Scot Free: 8th April (US only) Midnight Ink
Go To My Grave: 23rd October Minotaur (US) Little,Brown (UK)
The new Dandy? We're still having Dandy word, crimey word, plotty word phone calls.


8 comments:

Dietrich Kalteis said...

Thanks for that, Catriona. I love the email exchanges.

Lori Rader-Day said...

Love it. What is split mayo, though?

catriona said...

Show off. Your mayo never splits? De-emulsified - aka curdled - mayonnaise.

Bliss said...

First, your covers are all gorgeous. Thanks for sharing this because I don't think I ever thought about titles much before I had to deal with mine. I had three for my debut. My agent hated my first one. So we changed it. Then Midnight Ink changed it to Hollywood Homicide solely b/c of the cover image they chose.

They initially wanted to go with alliteration for the series titles but I couldn't think of any that I loved. I did LOVE calling the second book Hollywood Ending though just b/c of the play on words. So I sent it to Terri like "Hey, I know this isn't alliteration..."

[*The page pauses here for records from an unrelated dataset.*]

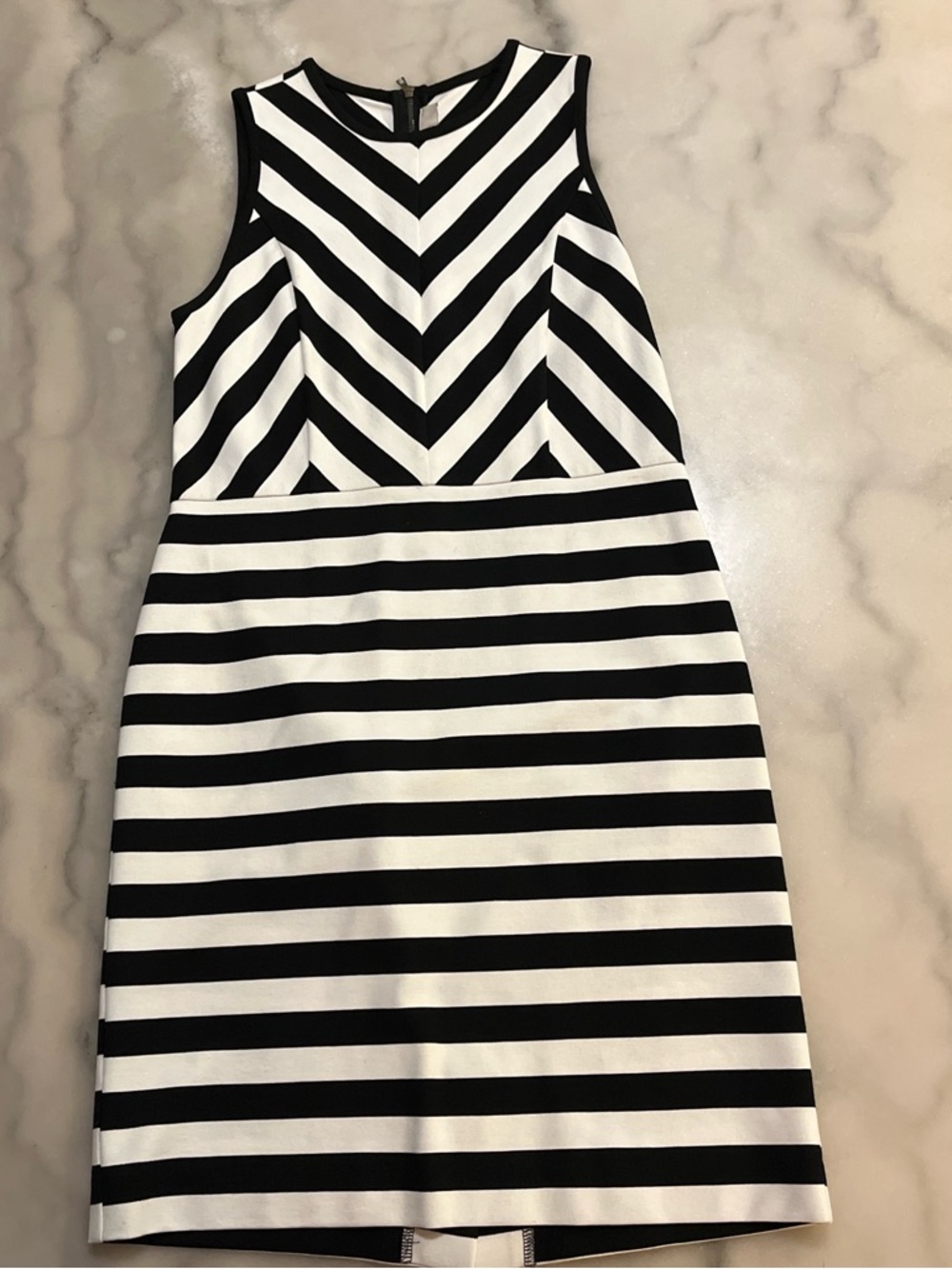 Black & White Striped Sleeveless Sheath Dress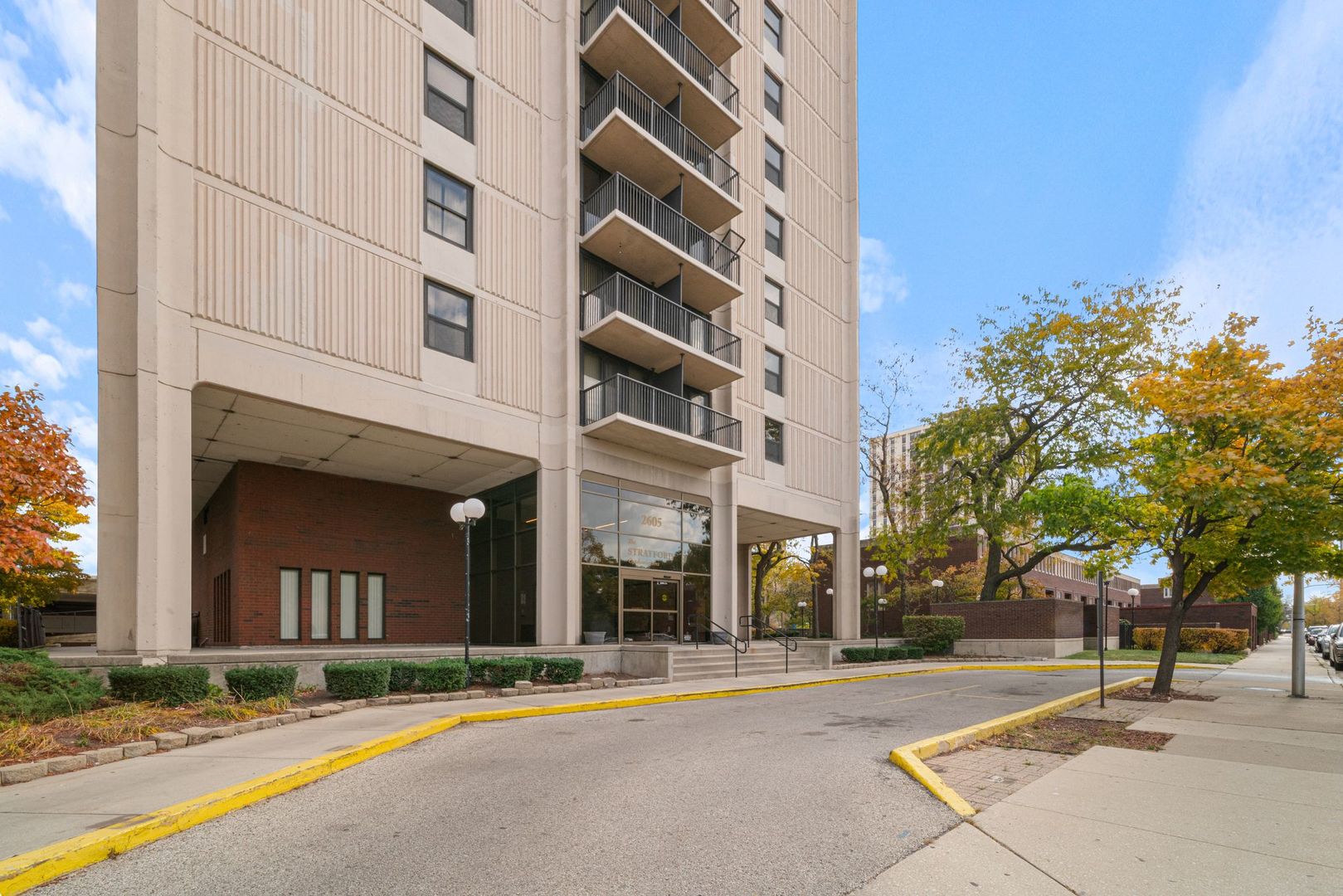 2605 South Indiana Avenue, Unit 2107 Chicago, IL 60616 - Photo 2 of 24 front view of a building with a street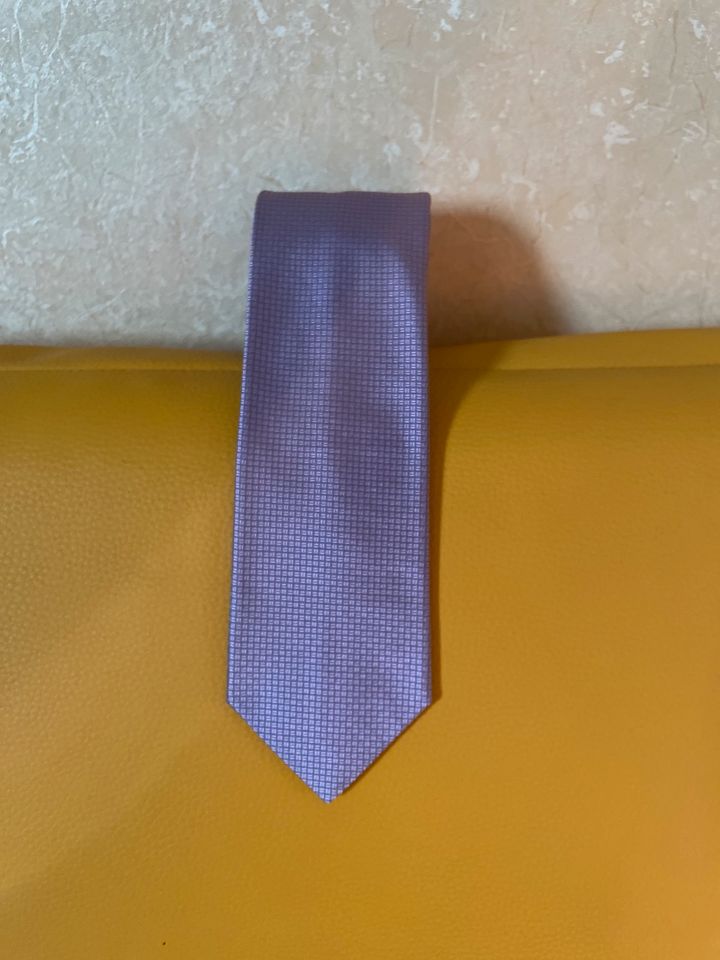 Krawatte Neu Fa BOSS in Korbach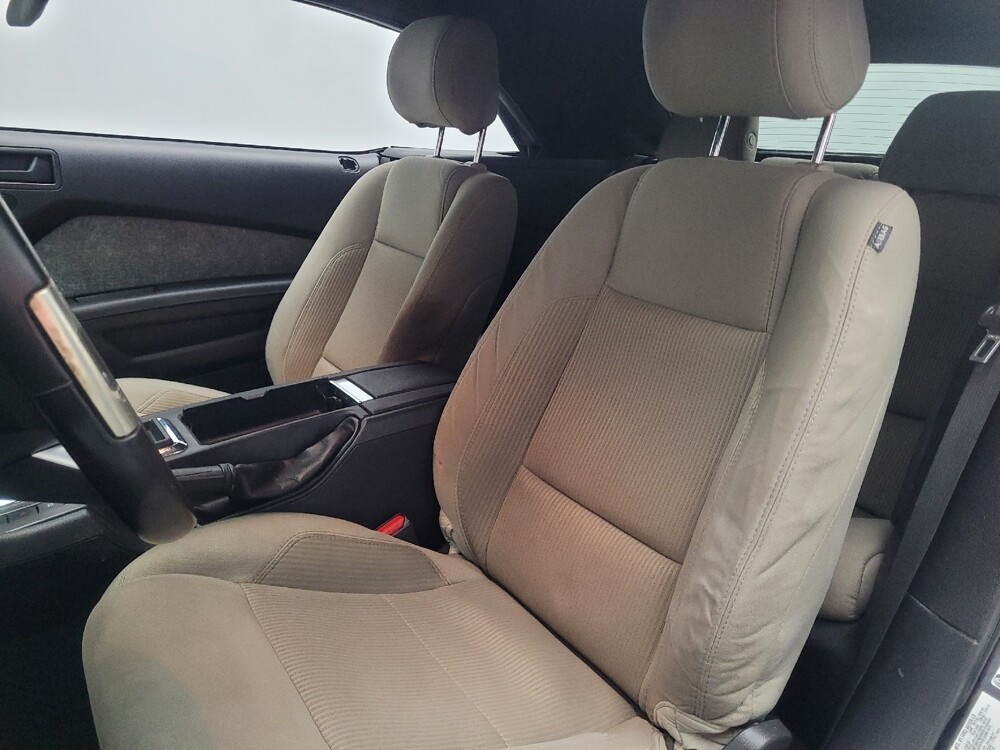 2013 Ford Mustang in Union City, GA 30291 - 18089053 17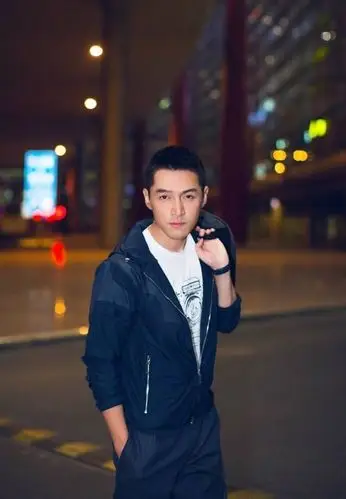 胡歌蓝色运动装搭配清爽短发,少年感十足!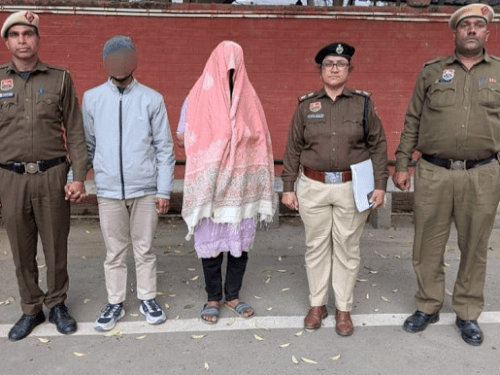 नाबालिग बेटियां को होटल भेजकर गलत काम करवाती थी मां:रेवाड़ी में मध्यप्रदेश की महिला और बिहार का होटल मैनेजर गिरफ्तार, दादी ने की शिकायत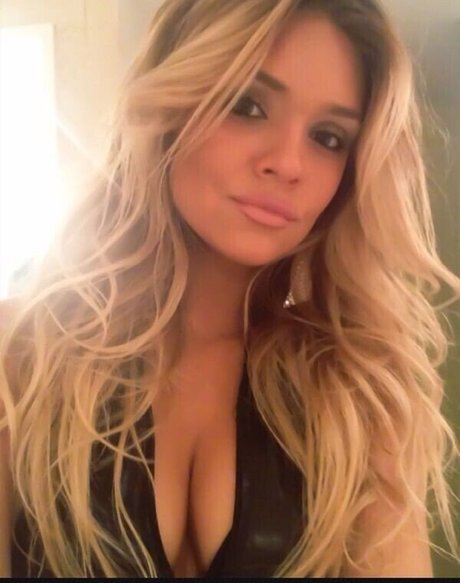 unknown onlyfans hot naked picture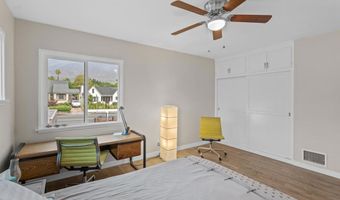 1818 New York Dr, Altadena, CA 91001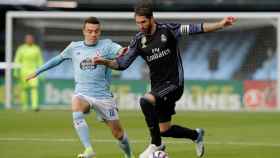 Sergio Ramos, ante Iago Aspas en un Celta-Real Madrid | EFE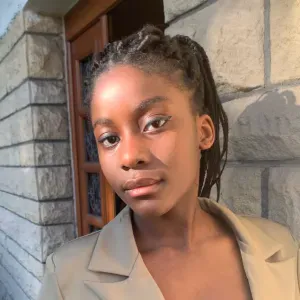 Baby-sitter expérimentée à serris 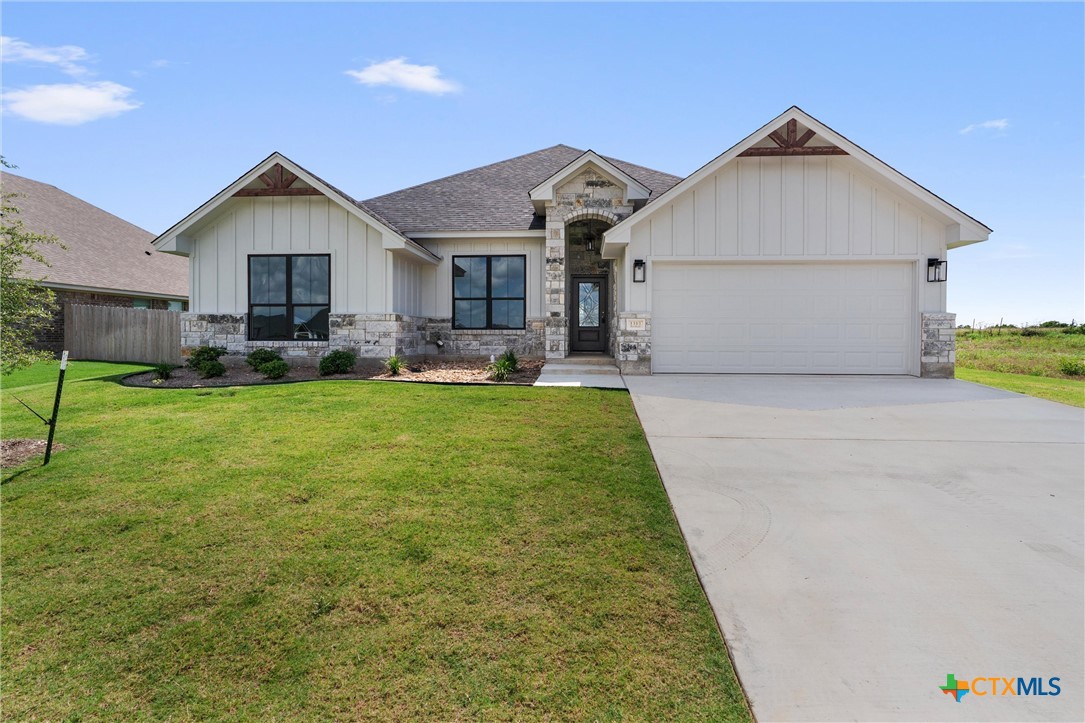 1313 Red Rock Road, Hewitt, TX 76643 — photo 1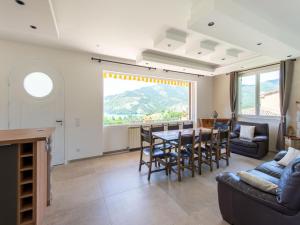 Maisons de vacances Holiday home in Saint-Julien-du-Verdon with garden : photos des chambres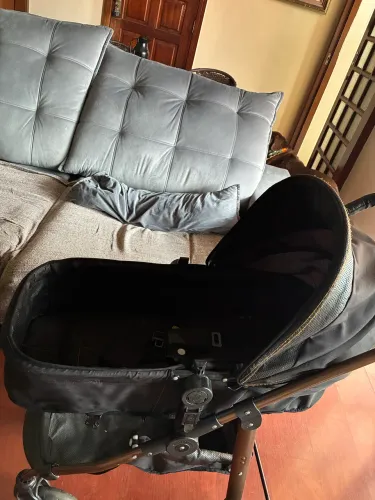 Carrinho de bebê Galzerano Moisés + bebê conforto e base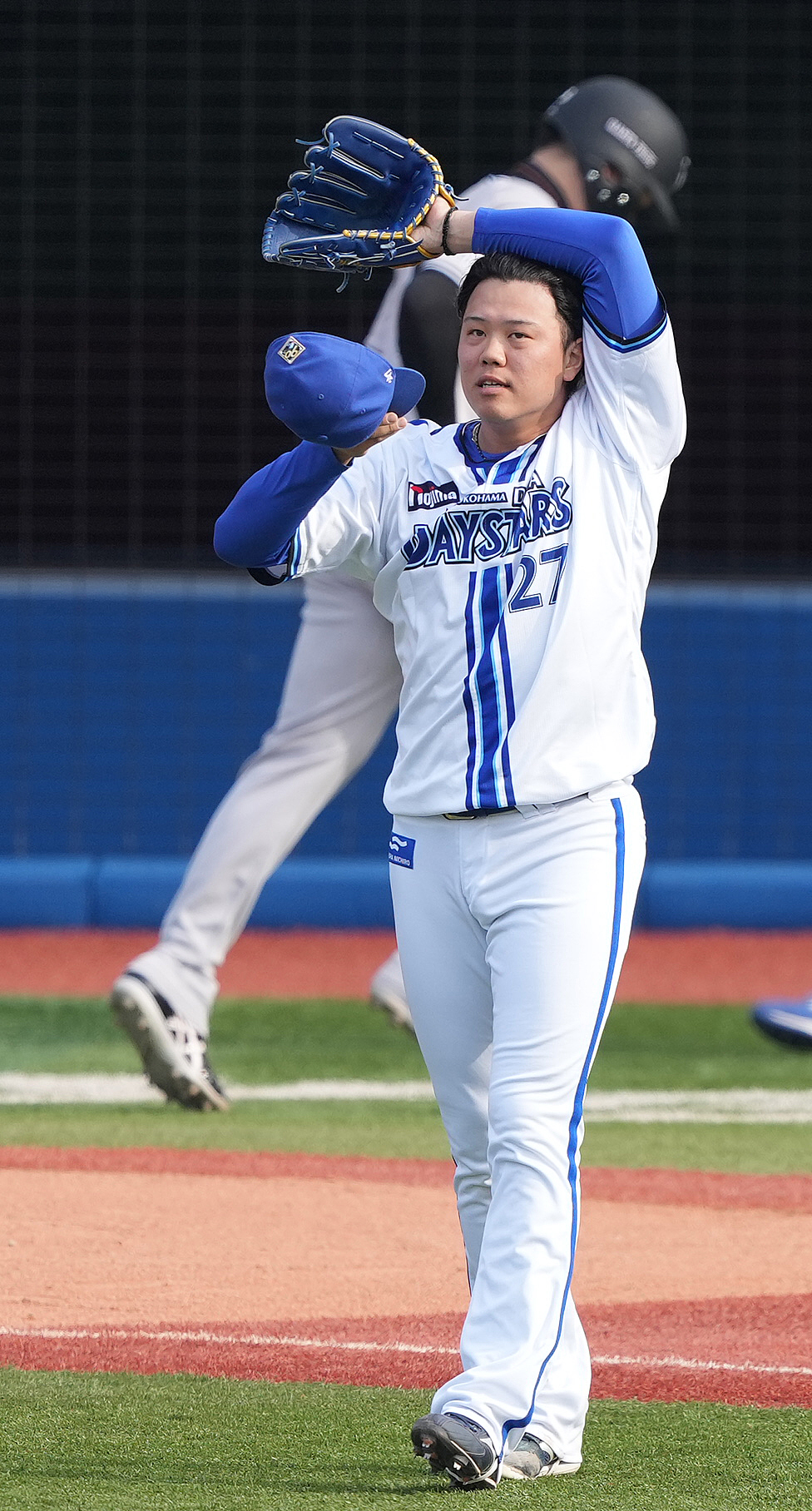 DeNA対巨人　6回表巨人2死二塁、佐々木に中適時二塁打を浴び、汗をぬぐう上茶谷（撮影・鈴木みどり）
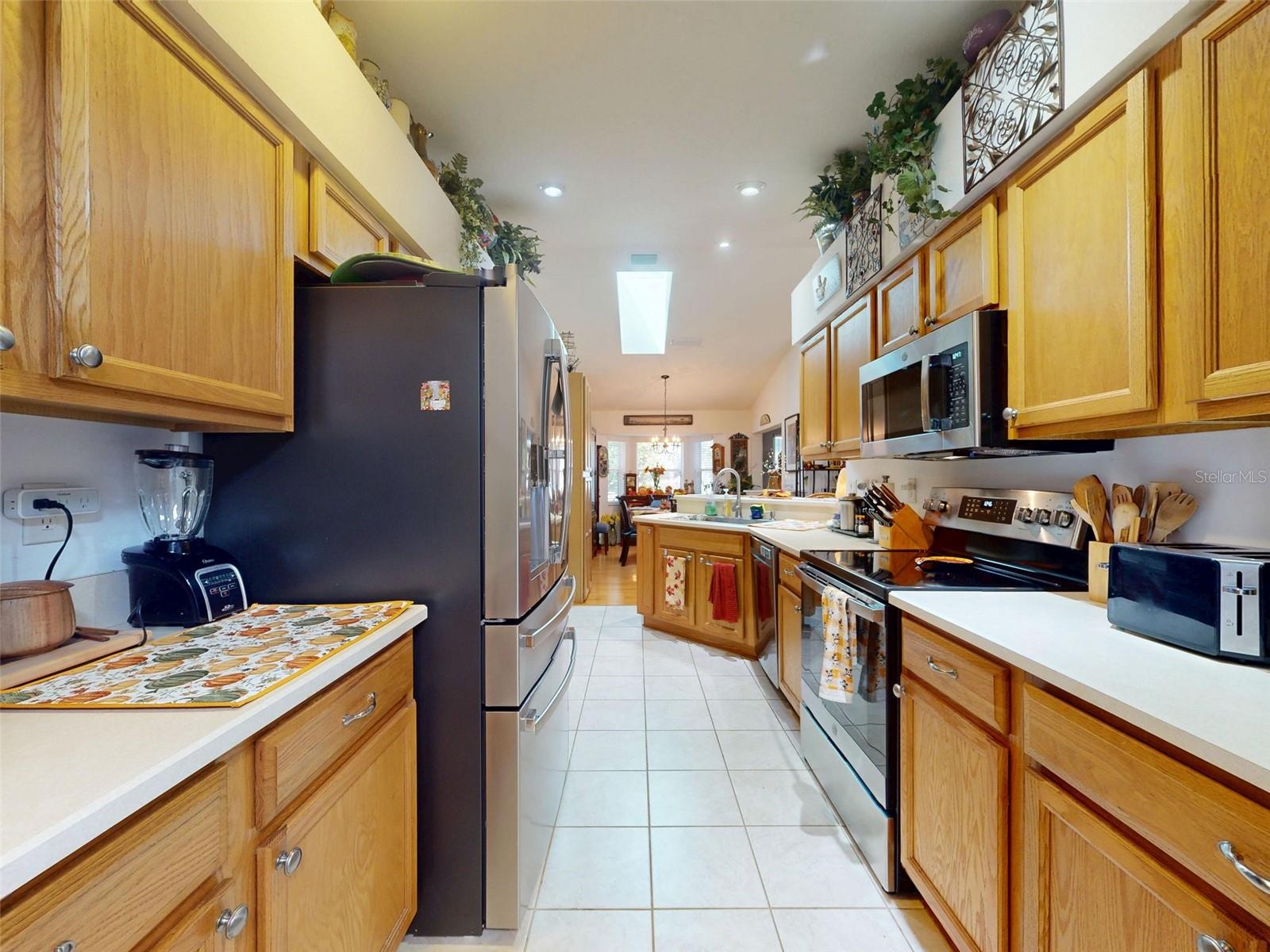 Image 28 of 83 For 2533 Chivalry Court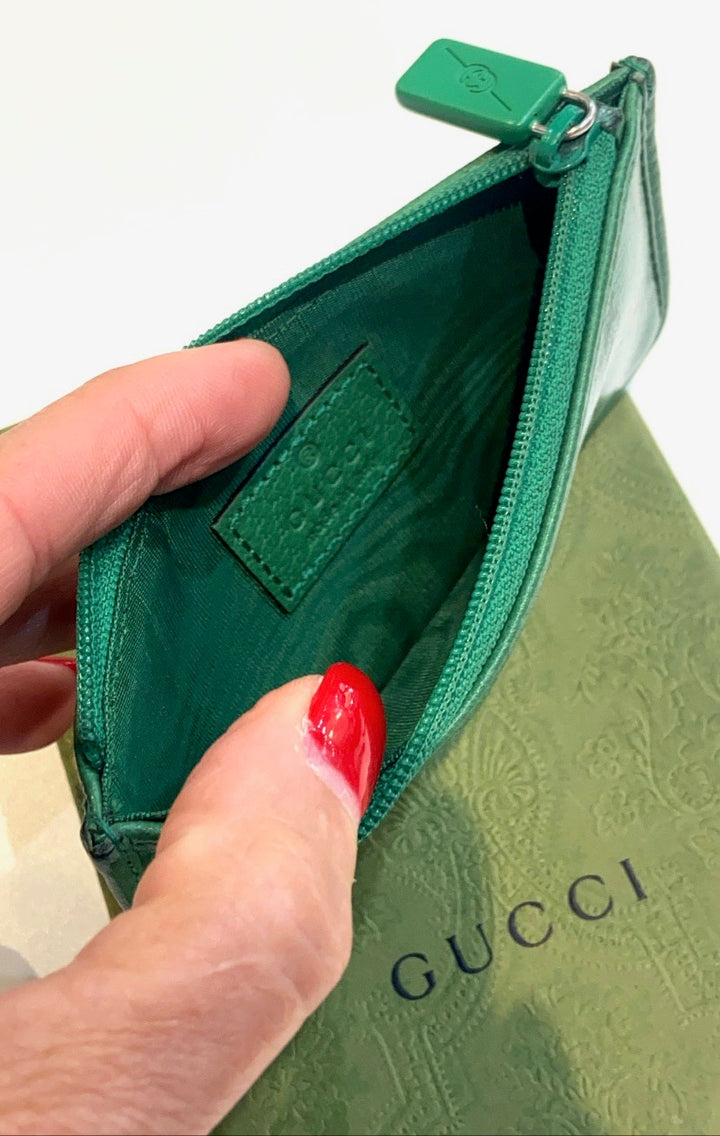 GUCCI GG SUPREME MONOGRAM CARD HOLDER WALLET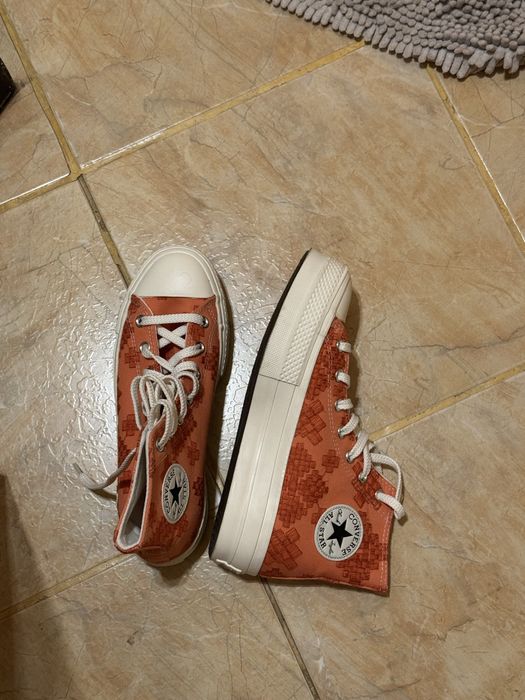 Дамски кецове: Converse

Of course, now I have to think of a title for book three that fits.

Unknown said...

Such a laugh, this post. And Save Elvis is a great caper title for sure. Elvis, forgotten??

Diane Vallere said...

Elvis being forgotten is the saddest perception that has crossed my desk in weeks.

Love the blog and the email exchanges!

Cynthia Kuhn said...

Love this post so much, Catriona!! Very inspirational.

(And every single title is fab.)

Paul D. Marks said...

Love your conversations with the editors, Catriona. Cracks me up!